— Information given —
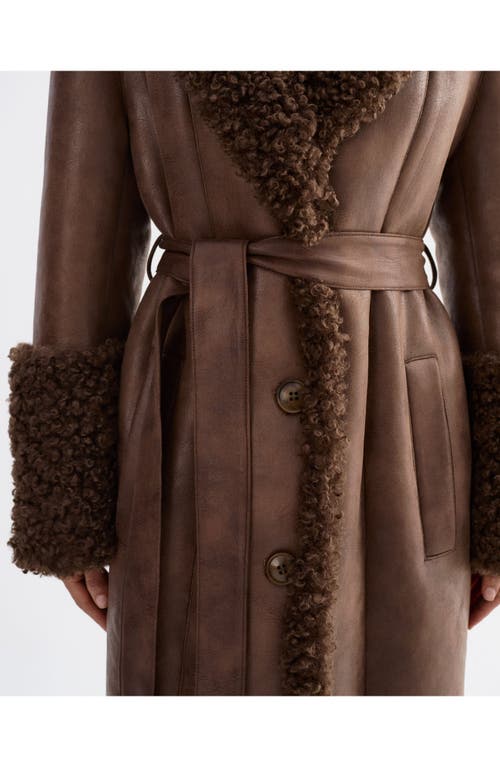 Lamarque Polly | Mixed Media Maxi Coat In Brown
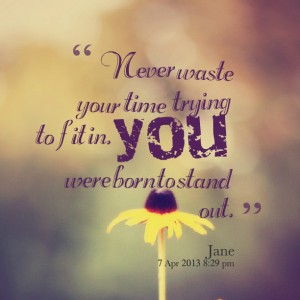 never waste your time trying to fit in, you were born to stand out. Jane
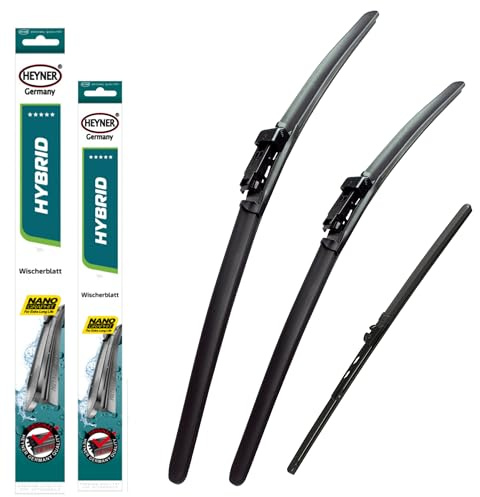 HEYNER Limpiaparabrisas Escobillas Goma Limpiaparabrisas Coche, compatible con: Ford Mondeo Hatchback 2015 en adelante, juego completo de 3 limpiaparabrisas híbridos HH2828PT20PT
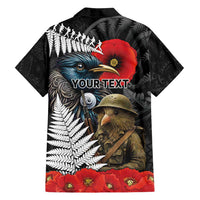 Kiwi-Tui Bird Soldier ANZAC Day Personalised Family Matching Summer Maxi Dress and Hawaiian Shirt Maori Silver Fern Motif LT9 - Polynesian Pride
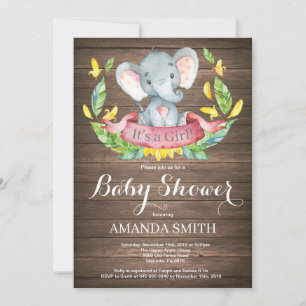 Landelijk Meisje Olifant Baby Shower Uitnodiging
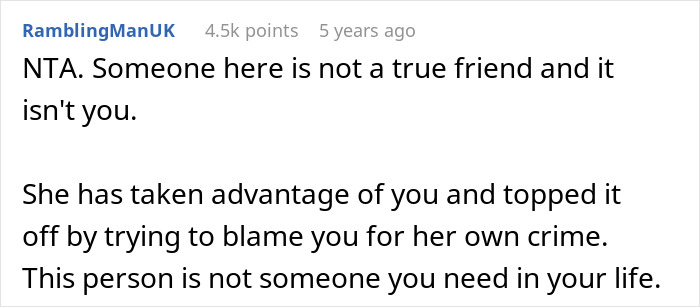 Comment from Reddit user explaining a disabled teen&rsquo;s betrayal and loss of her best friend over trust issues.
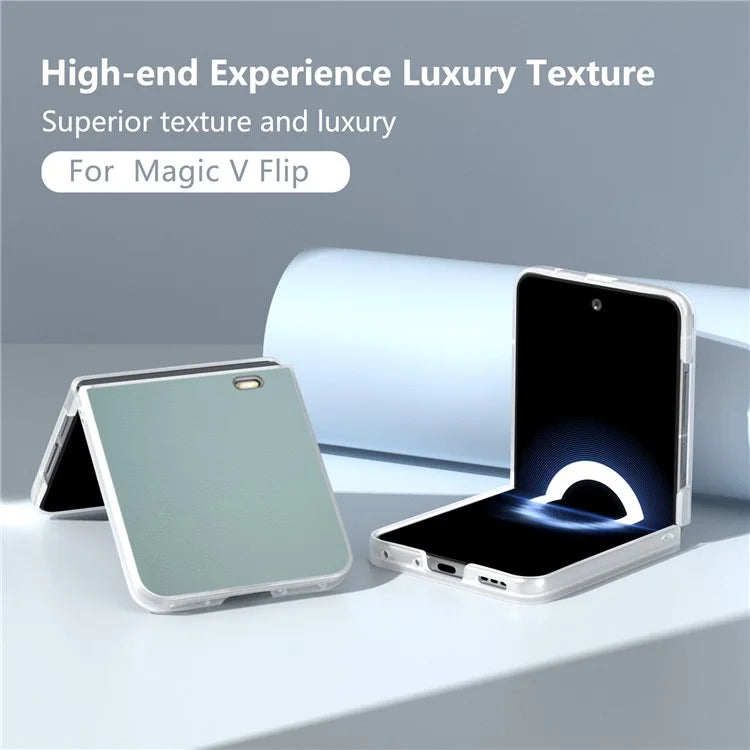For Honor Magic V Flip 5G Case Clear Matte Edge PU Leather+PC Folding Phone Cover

— What is required —
From the first line of the records down through the line containing "HEYNER Limpiaparabrisas Escobillas", transcribe exactly those lines and no others, both ends kept, pictures dropped.

— Result of the task —
 Lamarque Polly | Mixed Media Maxi Coat In Brown
 never waste your time trying to fit in, you were born to stand out. Jane
 HEYNER Limpiaparabrisas Escobillas Goma Limpiaparabrisas Coche, compatible con: Ford Mondeo Hatchback 2015 en adelante, juego completo de 3 limpiaparabrisas híbridos HH2828PT20PT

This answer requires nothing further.